◆ **PROBLEM DESCRIPTION**
After finding "Grand Slam Men's" in a line below, print that line and the rest of the lines exactly, leaving out all pictures.

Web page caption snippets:
════════════════

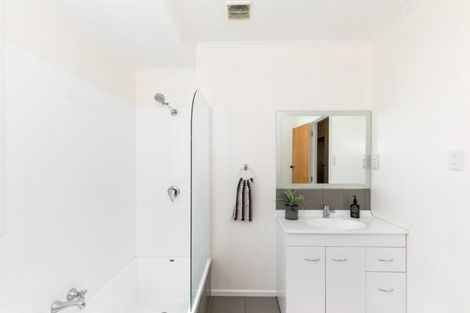 Photo of property in 2 Rhonda Avenue, Deanwell, Hamilton, 3206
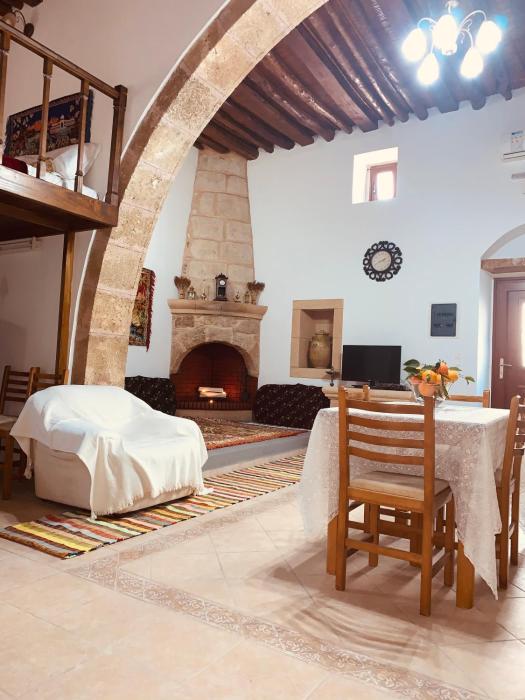 Diakenas Kamariko-Traditional Stone House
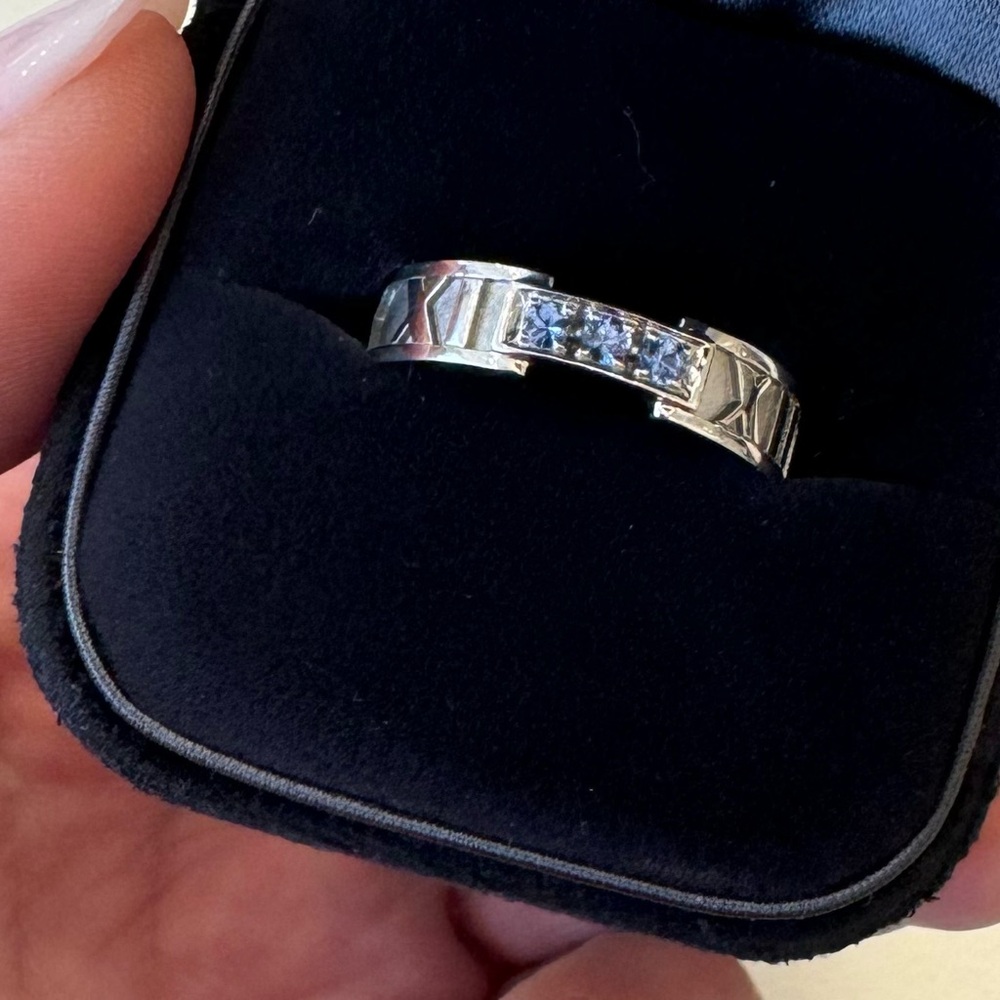 Tiffany & Co. Atlas Band Ring 18K White Gold with Blue Sapphires -
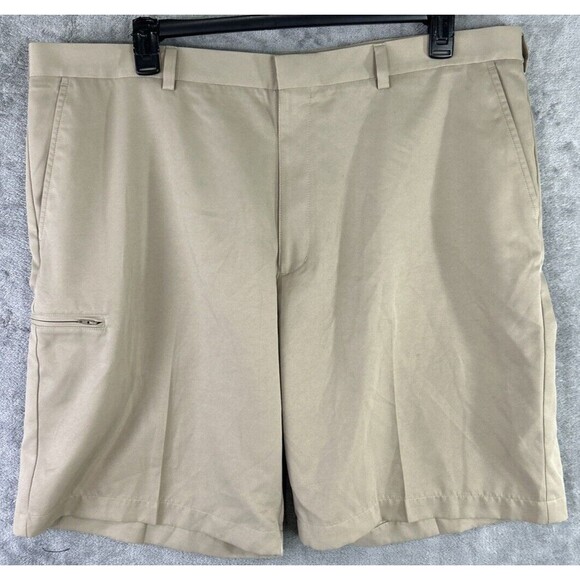 Grand Slam Men's 42 Khaki Bermuda Tennis Golf Shorts Flat‎ Front Zip Pockets - Picture 1 of 11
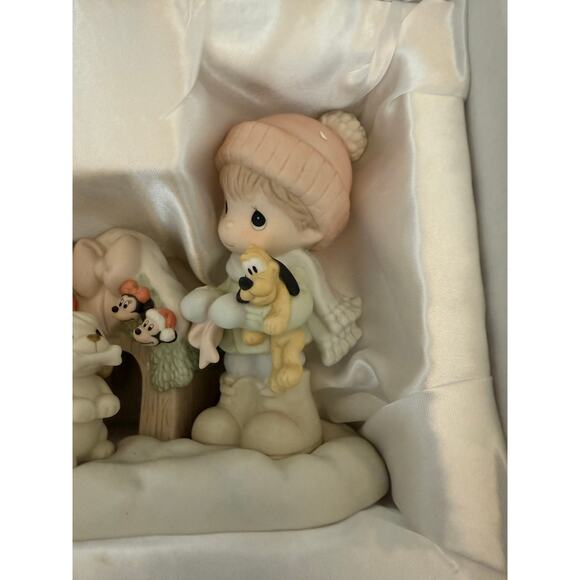 Precious Moments Disney Christmas Figurine – “The Magic of the Season” - Picture 5 of 8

════════════════

◆ **TASK RESULT**
 Grand Slam Men's 42 Khaki Bermuda Tennis Golf Shorts Flat‎ Front Zip Pockets - Picture 1 of 11
 Precious Moments Disney Christmas Figurine – “The Magic of the Season” - Picture 5 of 8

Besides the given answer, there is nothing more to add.